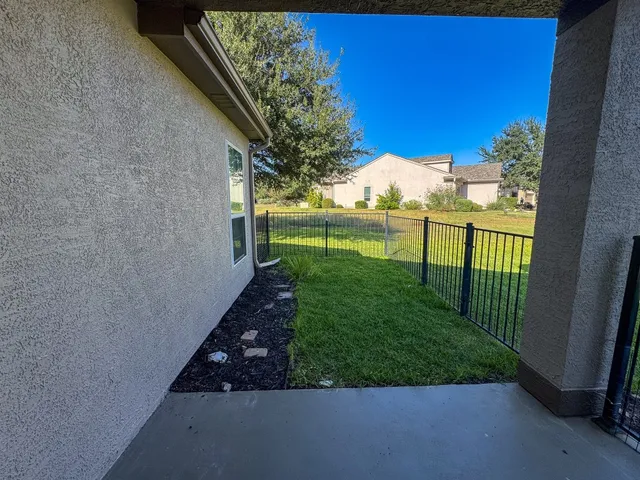 $2,200 | 100 Sunbird Court, Georgetown, TX 78633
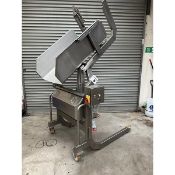 CM Process Solutions Dump Buggy Tipper, Suitable for lifting and tipping 400 and 600lbs dump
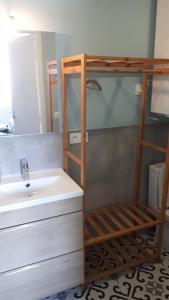 Appartements le Chartreuse / Rent4night Grenoble : photos des chambres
---
Instructions for the task
Without the pictures, repeat the listing exactly as it reads.

Task response
 $2,200 | 100 Sunbird Court, Georgetown, TX 78633
 CM Process Solutions Dump Buggy Tipper, Suitable for lifting and tipping 400 and 600lbs dump
 Appartements le Chartreuse / Rent4night Grenoble : photos des chambres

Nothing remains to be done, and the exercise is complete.